**ASSIGNED TASK**
Each line below is to be copied exactly; images do not go into the copy.

**SUPPLIED INFORMATION**
◆ ◆ ◆
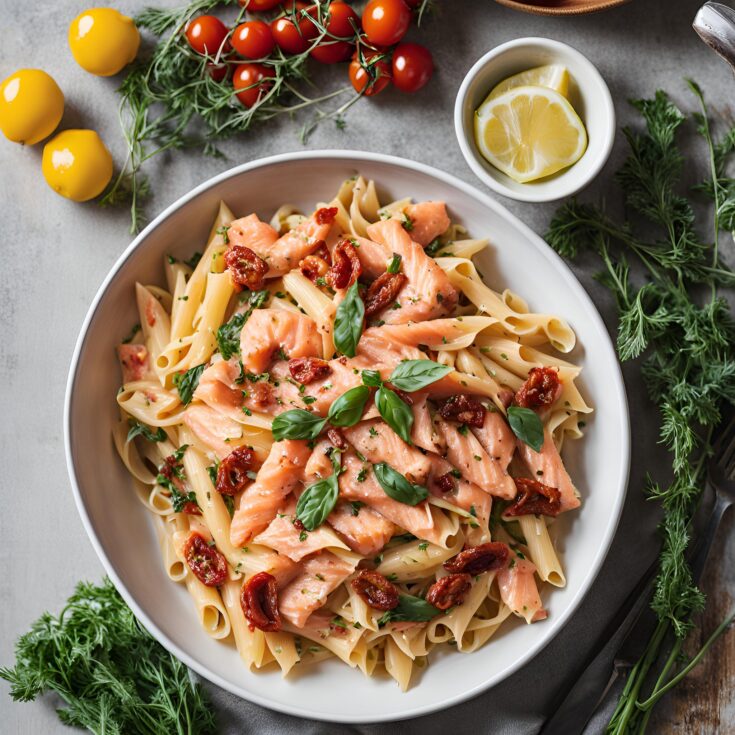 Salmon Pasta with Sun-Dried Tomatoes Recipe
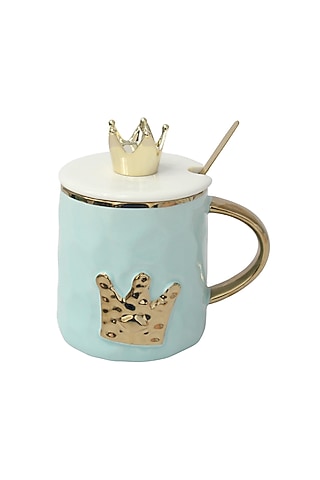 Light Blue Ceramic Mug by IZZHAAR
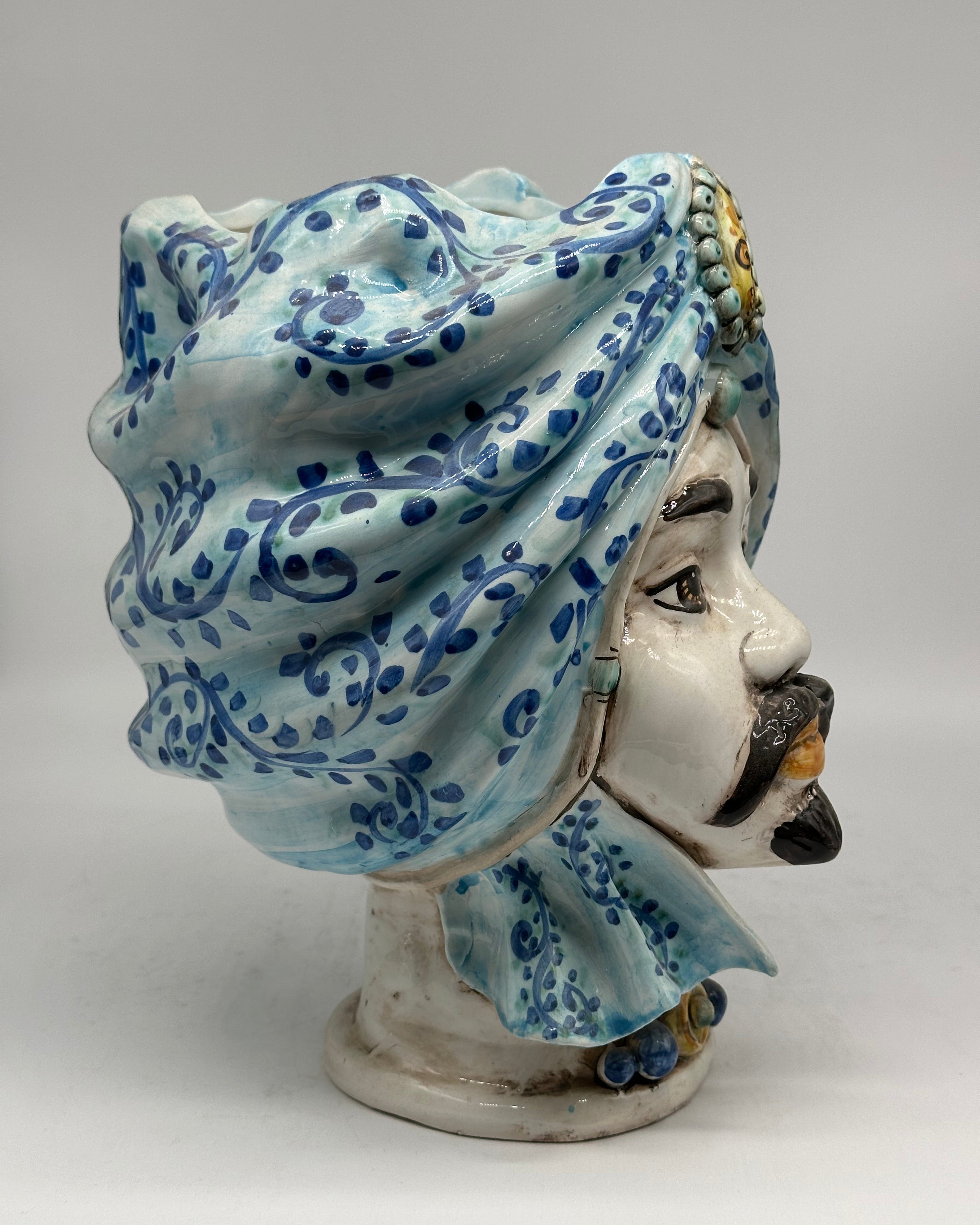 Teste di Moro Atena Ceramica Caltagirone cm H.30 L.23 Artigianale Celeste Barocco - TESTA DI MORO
◆ ◆ ◆
**EXERCISE OUTPUT**
 Salmon Pasta with Sun-Dried Tomatoes Recipe
 Light Blue Ceramic Mug by IZZHAAR
 Teste di Moro Atena Ceramica Caltagirone cm H.30 L.23 Artigianale Celeste Barocco - TESTA DI MORO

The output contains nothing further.